Texto publicado originalmente no nº 10 da revista Perspetiva

A vida é perturbadoramente diversa. O que mais atordoa, porém, é a sua conformidade.” Adam Rutherford

Eu fotografo para e por mim. Este chavão, que recorrentemente oiço em fotógrafos amigos e não só, é, na minha opinião, uma necessidade de afirmação e sobretudo emancipação artística, sob a ânsia, ainda que omnipresente, de o artista se distanciar dos demais e elevar a sua obra, deixando para trás a imitação, modas ou tendências que minem a mente e o espírito no momento de criação. É a libertação das amarras de não estar limitado pelas expectativas e pressões de influências exteriores, permitindo assim ser fiel à sua visão pessoal.

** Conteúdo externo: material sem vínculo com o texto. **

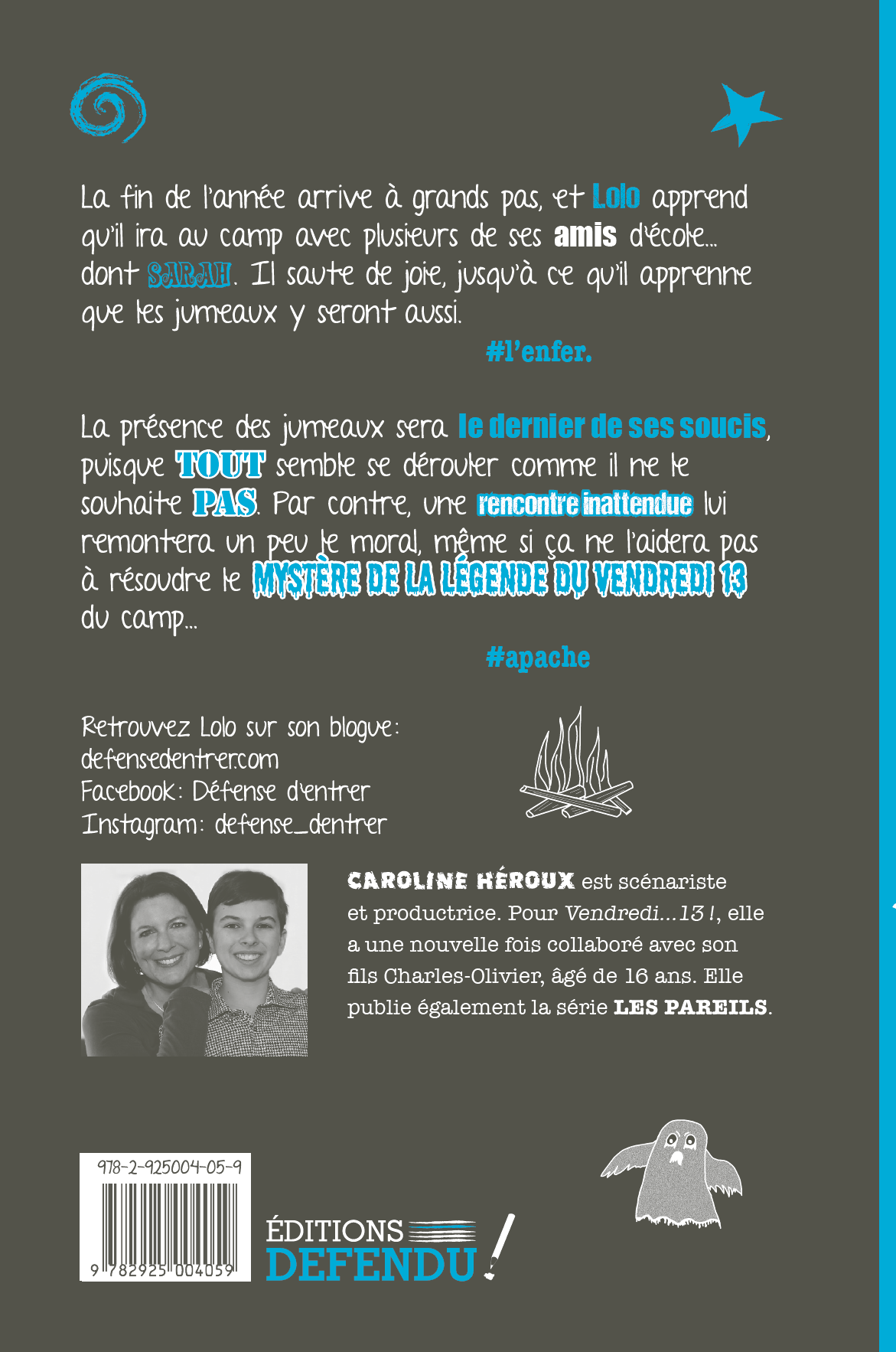 Défense d'entrer! 13 Vendredi... 13!!!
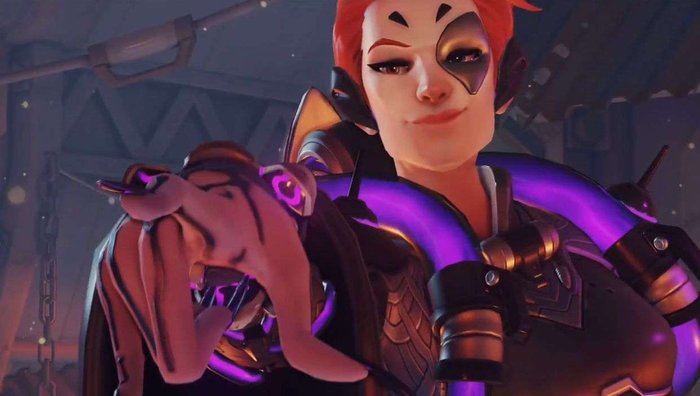 Կѹ  Overwatch  Moira ⡧ͧ ö١Կǹ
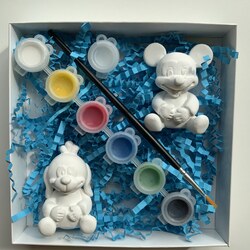 Hediyelik Mini Kutu Goofy & Mickey Disney Boyama Seti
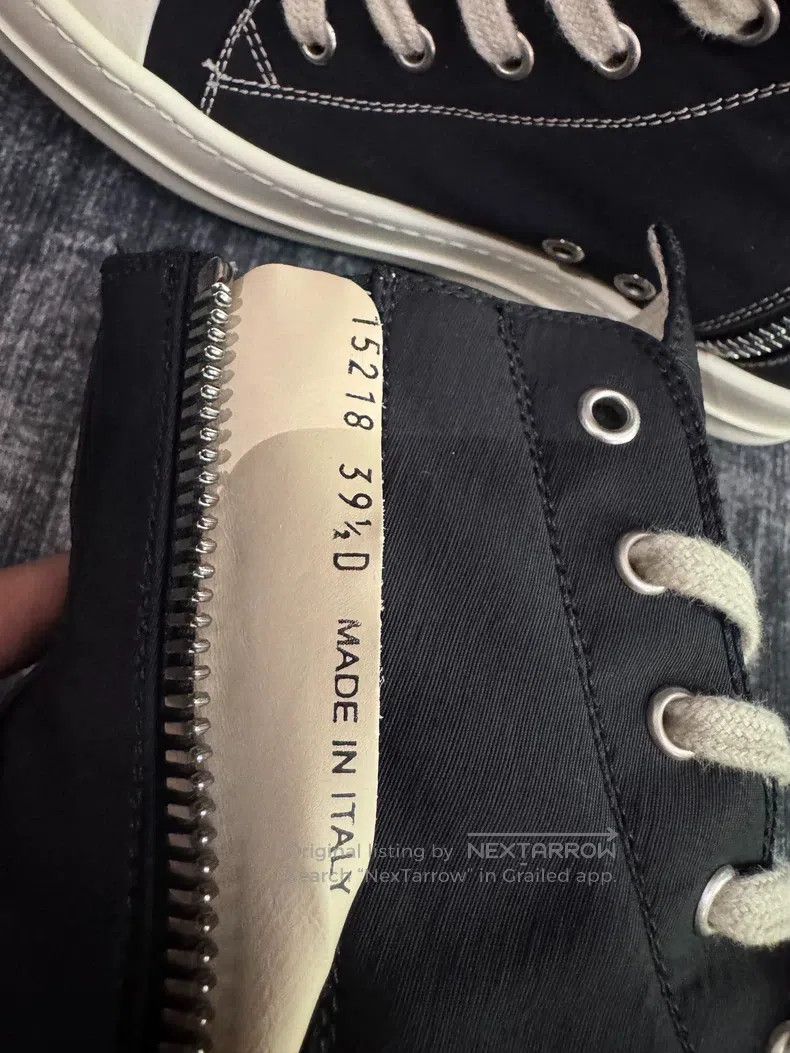 Rick Owens Rick Owens Double Thread Silk Face Mandarin Duck Big Conve Size US 6.5 / EU 39-40 - 6 Thumbnail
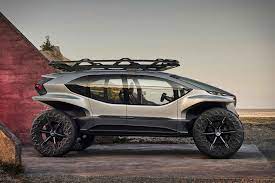 Audi Ai Trail Quattro Concept Suv Concept Cars Audi Vehicles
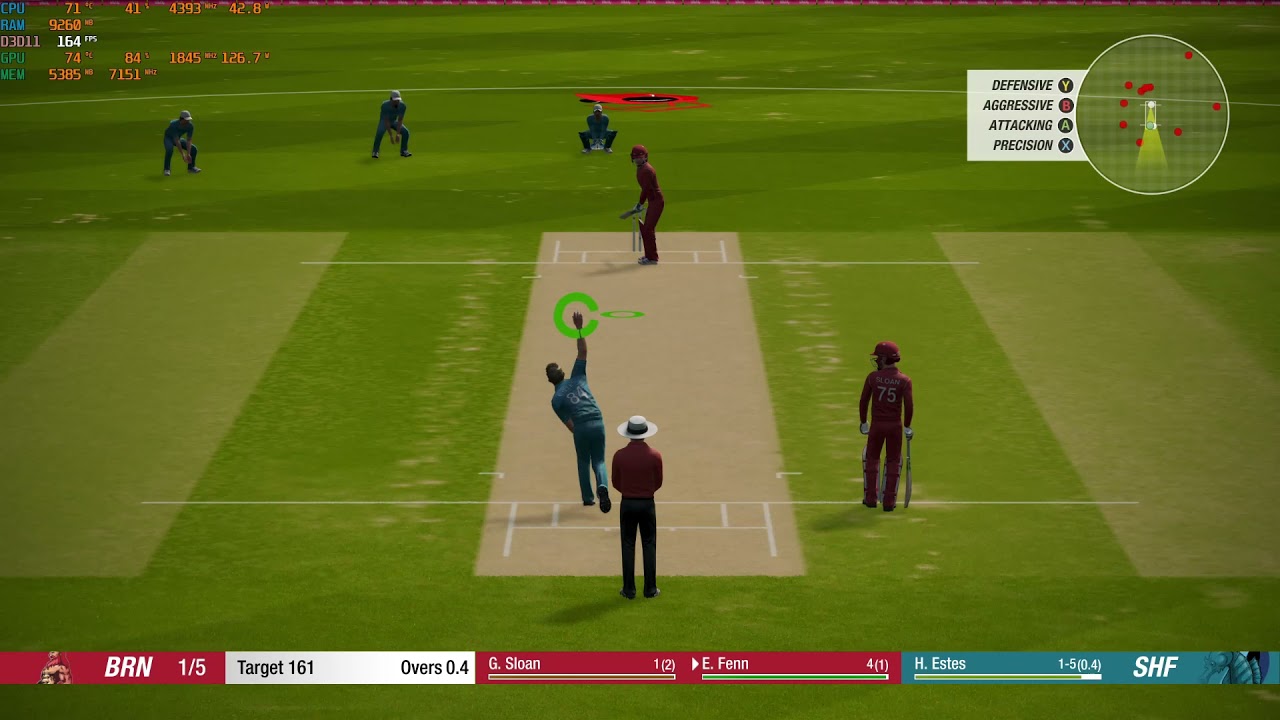 Cricket 19 Batting Career Gameplay YouTube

Outrora, Platão criticou veemente a abordagem de seguir modas ou tendências na expressão artística, referindo-se a tal, como uma “cópia imperfeita do mundo”. Por seu lado, Aristoteles, defendia o oposto e encarava tal ato como uma purificação emocional, sugerindo que o artista, assim, faria uma representação da realidade de forma mais atraente e significativa. Por certo, cada um teria as suas razões e fundamentos ao defenderem ideias tão opostas. Não deixa de ser uma questão para refletir.

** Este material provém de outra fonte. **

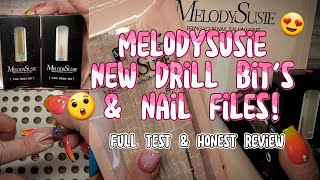 REMOVING POLYGEL NAILS  FEAT MELODYSUSIE NEW DRILL BITS amp FILES [upl. by Itnavart916]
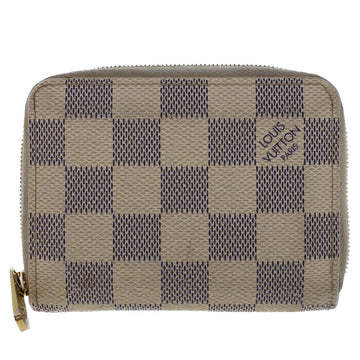 Louis Vuitton Zippy Coin Purse  Canvas Wallet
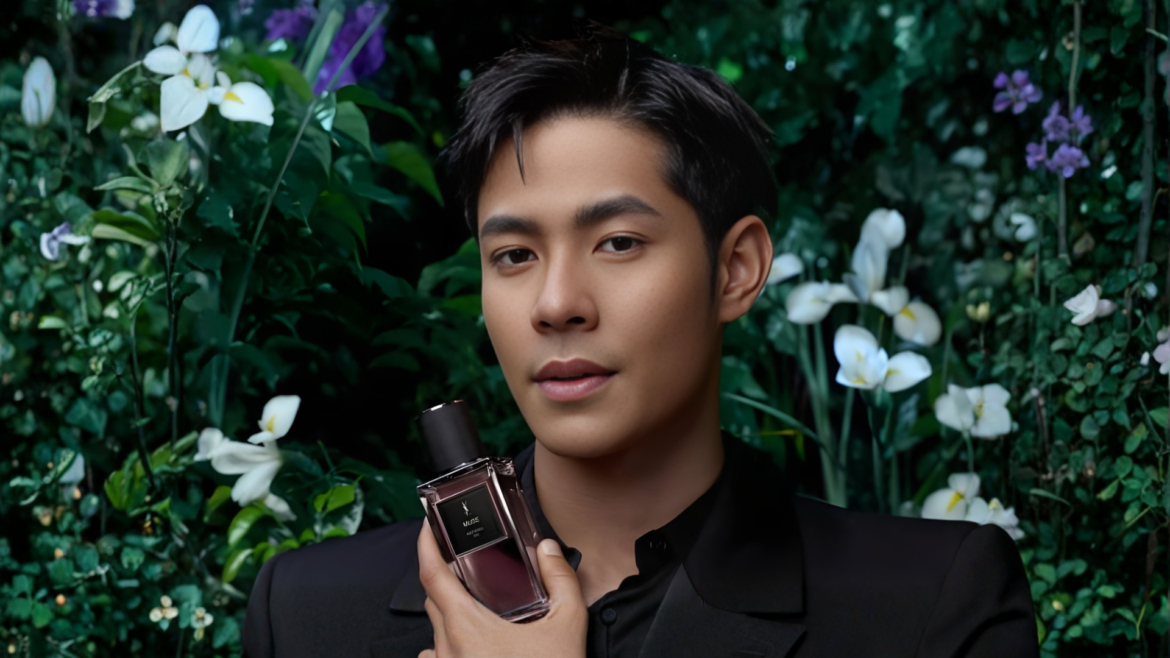 Meerqeen Is the New Face of YSL Beauty’s Le Vestiaire des Parfums — Here’s Why It Matters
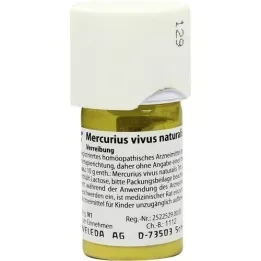 MERCURIUS VIVUS NATURALIS D 12 triturace, 20 g
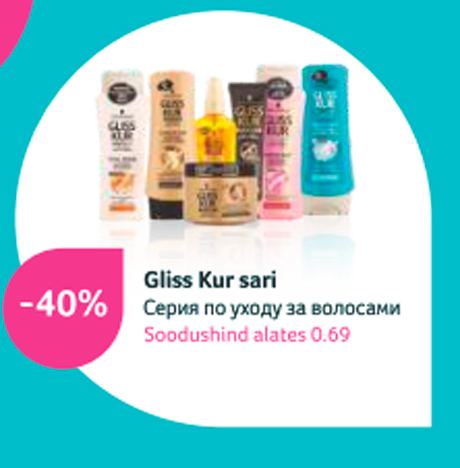 Gliss Kur sari  -40%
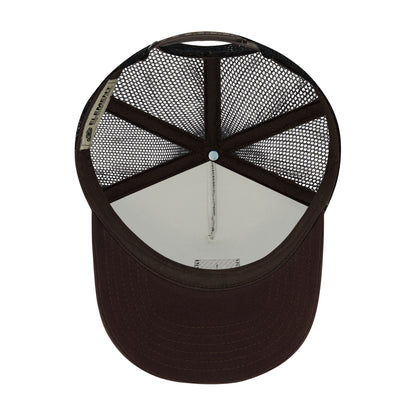Element Logo Trucker Hat with Mesh Back and Snapback Closure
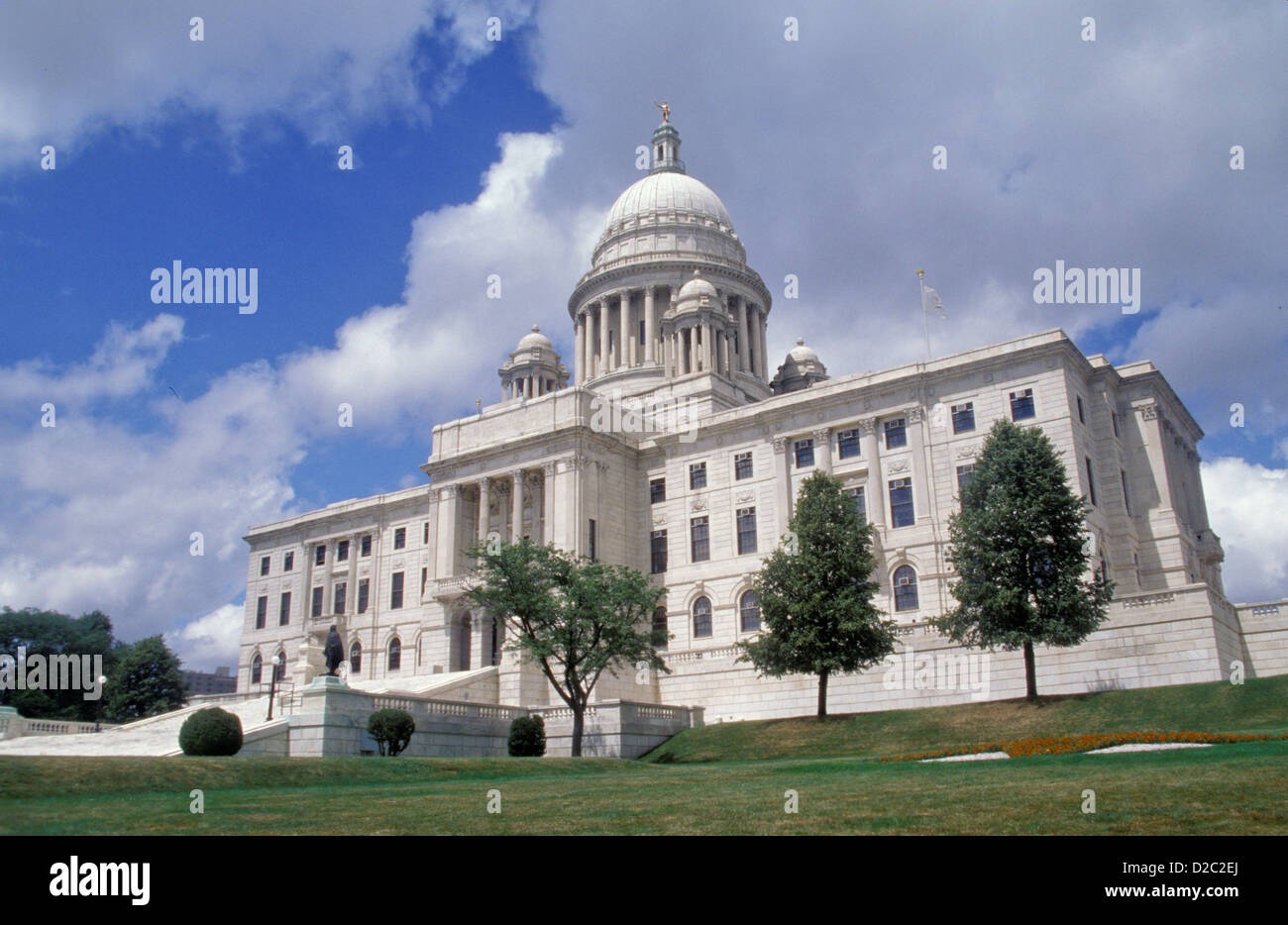 Rhode Island. Providence. State House. State Capitol. Stockfoto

Há uma verdade que não deve ser ignorada. Acredito efetivamente que quem cria algo, numa primeira instância, tem o desejo de o fazer para si de forma livre, abstraindo-se o mais possível de influências. Terceiros gostarem do resultado dessa criação, deverá ser entendido com um efeito colateral de reconhecimento do artista enquanto fonte de criação.

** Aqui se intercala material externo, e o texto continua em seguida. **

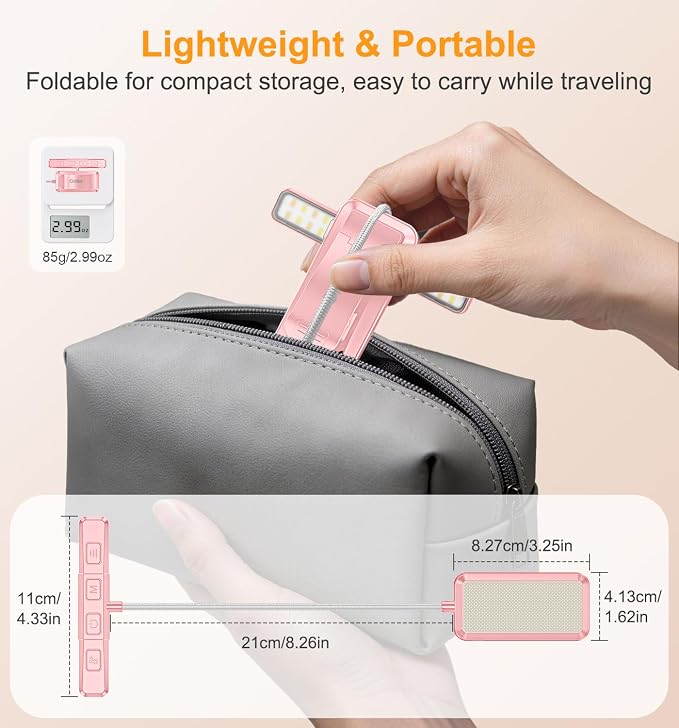 Gritin 2026 Gen 2 Book Light for Reading- 32 Eye Caring Full Spectrum LED | 5 - Image 9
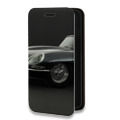 Дизайнерский горизонтальный чехол-книжка для Samsung Galaxy A72 Jaguar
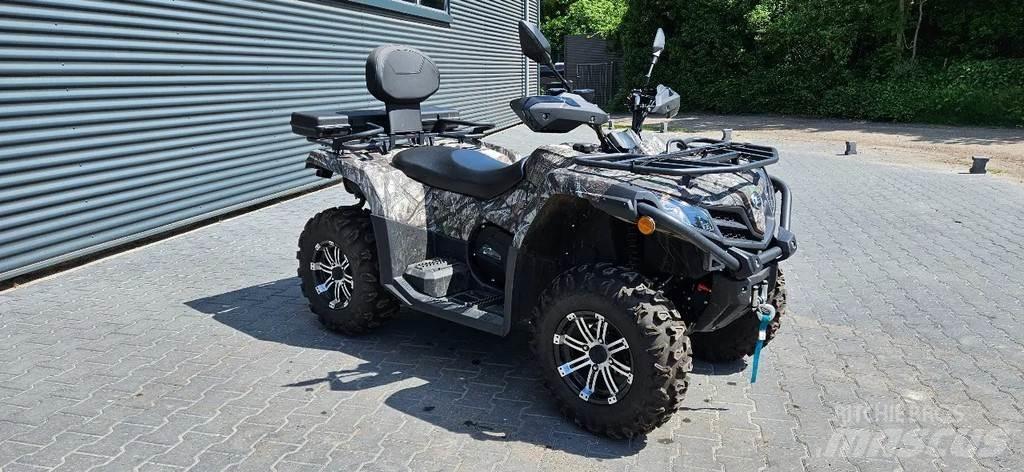 Can-am CF MOTO 520 Visureigiai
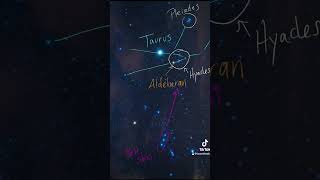 Aldebaran the Orange Giant Star in Taurus #constellations #learnthesky #astronomy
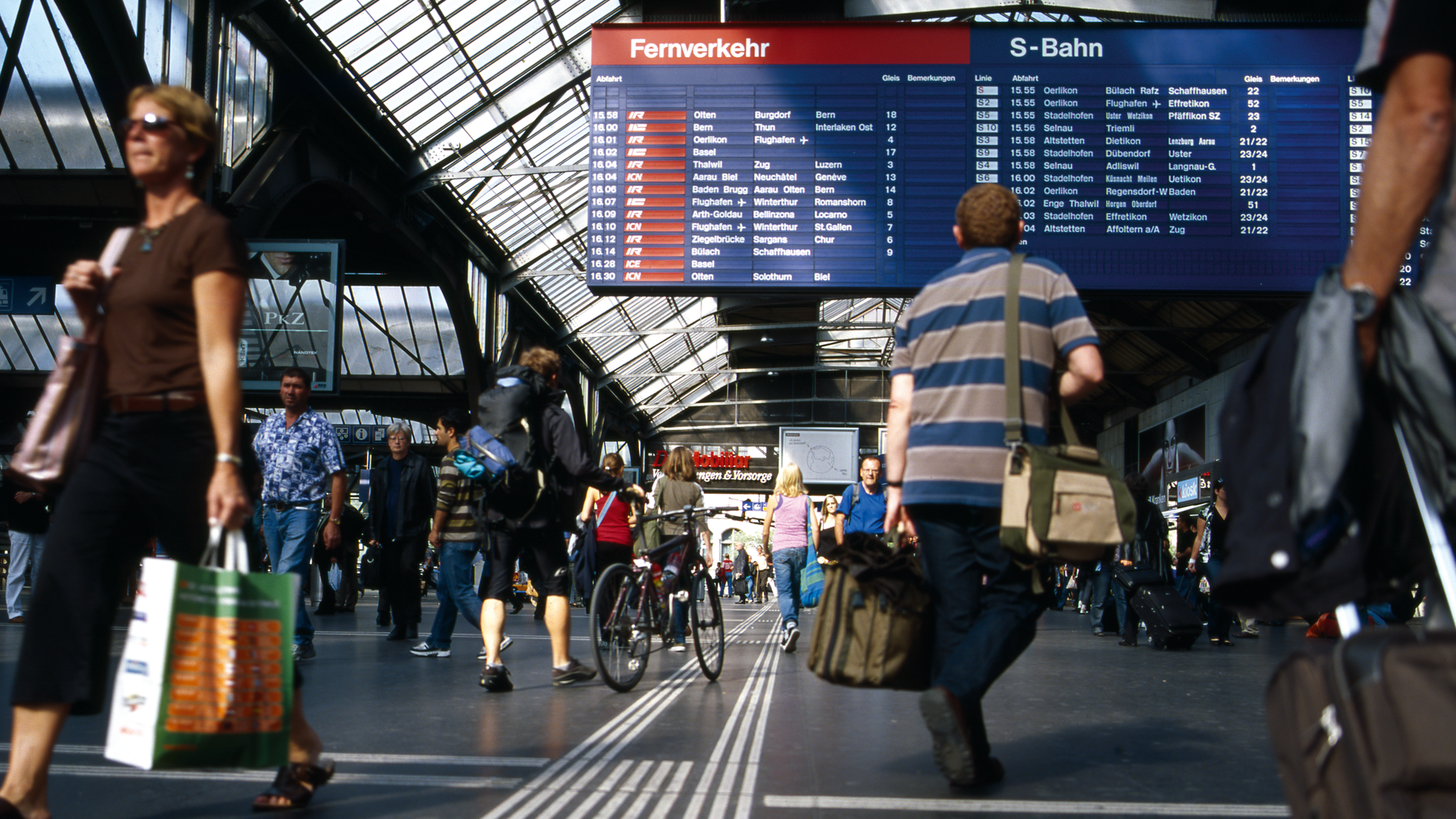 Hauptbahnhof Zürich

A minha formação académica é em tecnologias de informação. Mas insistentemente, comento no meu círculo mais próximo que um dia irei obter uma formação académica na área da psicologia. Sempre foi algo que me fascinou. Quem sabe… Sonhar, por enquanto, ainda é gratuito.

Abstrações aquáticas

Por falar em psicologia, lanço para esta reflexão um nome: Solomon Asch, porventura, desconhecido para muitos. Para mim era. Descobri-o nas pesquisas efetuadas para escrever esta reflexão. Este senhor foi um psicólogo polaco, que fez vida nos EUA e é considerado um dos pioneiros da teoria da conformidade social. Que tem este senhor e este tema a ver com arte? Num primeiro olhar, responderia taxativamente que nada.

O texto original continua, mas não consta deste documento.